[[ LISTED ENTRIES, beginning ]]
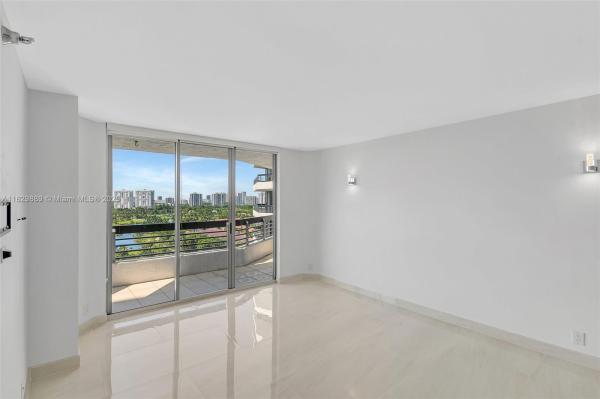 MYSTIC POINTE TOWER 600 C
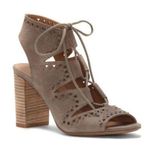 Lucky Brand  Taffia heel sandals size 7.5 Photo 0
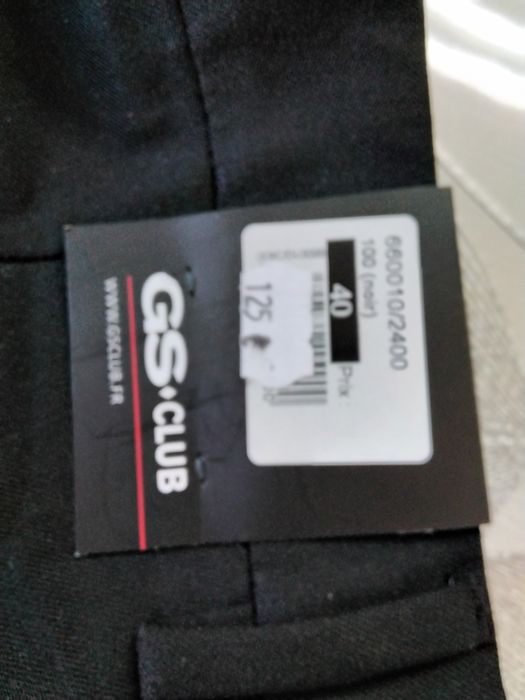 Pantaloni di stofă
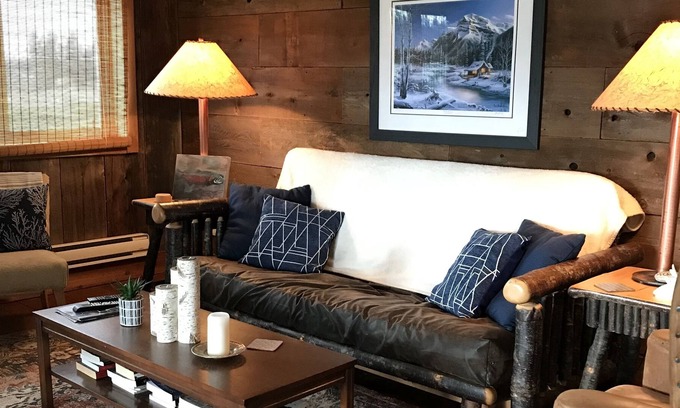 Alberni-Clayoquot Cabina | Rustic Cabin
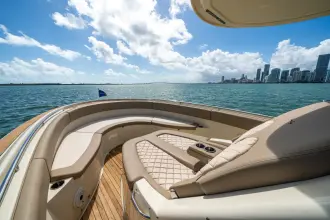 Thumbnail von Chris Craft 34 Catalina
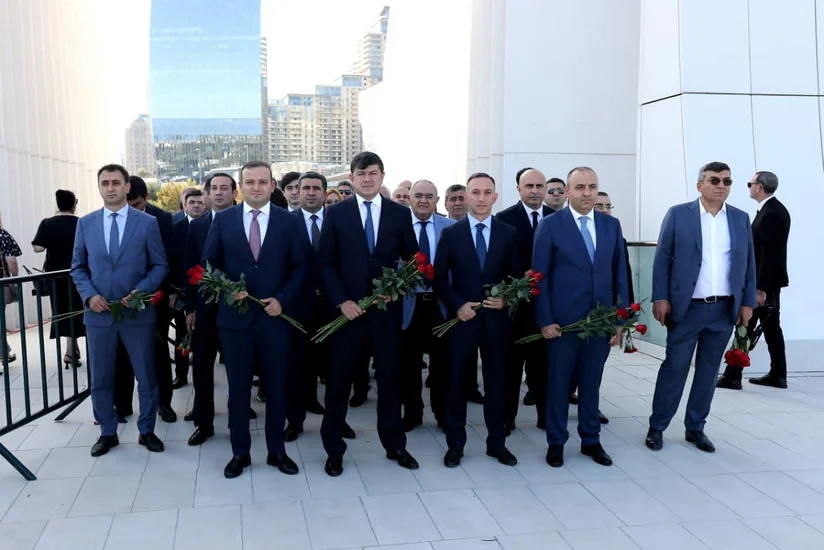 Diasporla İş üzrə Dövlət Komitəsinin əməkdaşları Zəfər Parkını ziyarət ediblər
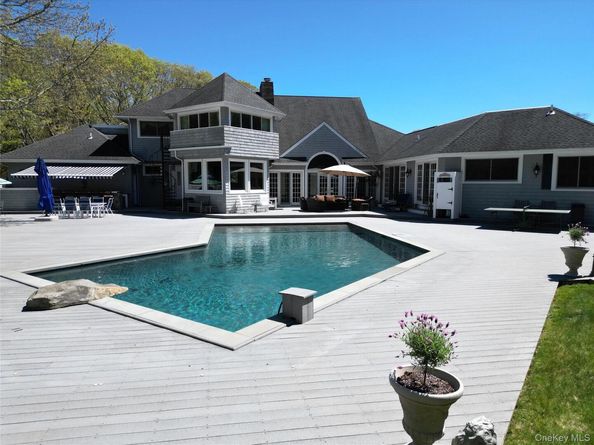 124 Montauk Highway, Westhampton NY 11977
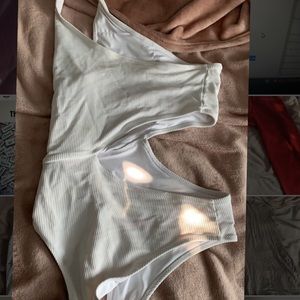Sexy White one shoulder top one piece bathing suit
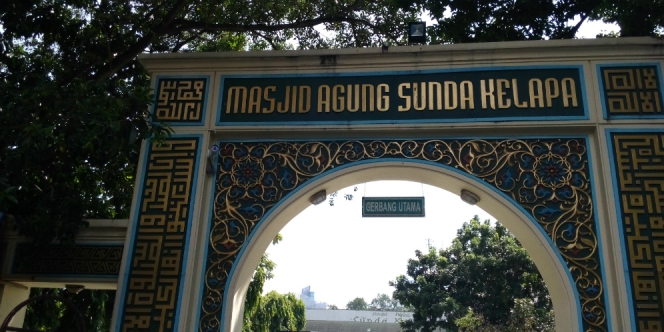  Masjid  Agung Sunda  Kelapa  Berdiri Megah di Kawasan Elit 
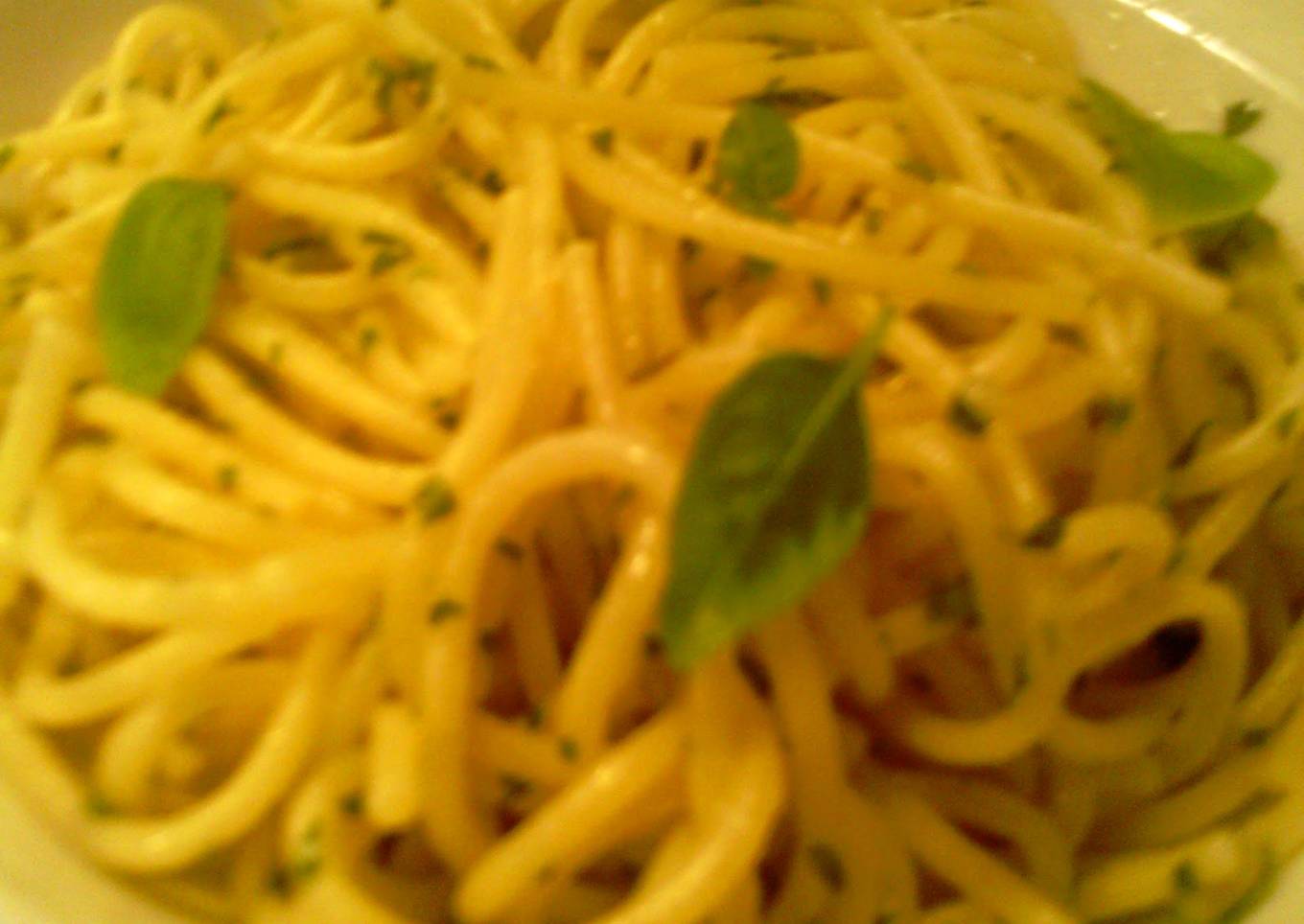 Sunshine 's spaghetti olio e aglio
[[ LISTED ENTRIES, end ]]
■ PROBLEM DESCRIPTION:
All entries need to be duplicated exactly, apart from the images.

■ EXPECTED ANSWER:
 MYSTIC POINTE TOWER 600 C
 Lucky Brand  Taffia heel sandals size 7.5 Photo 0
 Pantaloni di stofă
 Alberni-Clayoquot Cabina | Rustic Cabin
 Thumbnail von Chris Craft 34 Catalina
 Diasporla İş üzrə Dövlət Komitəsinin əməkdaşları Zəfər Parkını ziyarət ediblər
 124 Montauk Highway, Westhampton NY 11977
Sexy White one shoulder top one piece bathing suit
  Masjid  Agung Sunda  Kelapa  Berdiri Megah di Kawasan Elit 
 Sunshine 's spaghetti olio e aglio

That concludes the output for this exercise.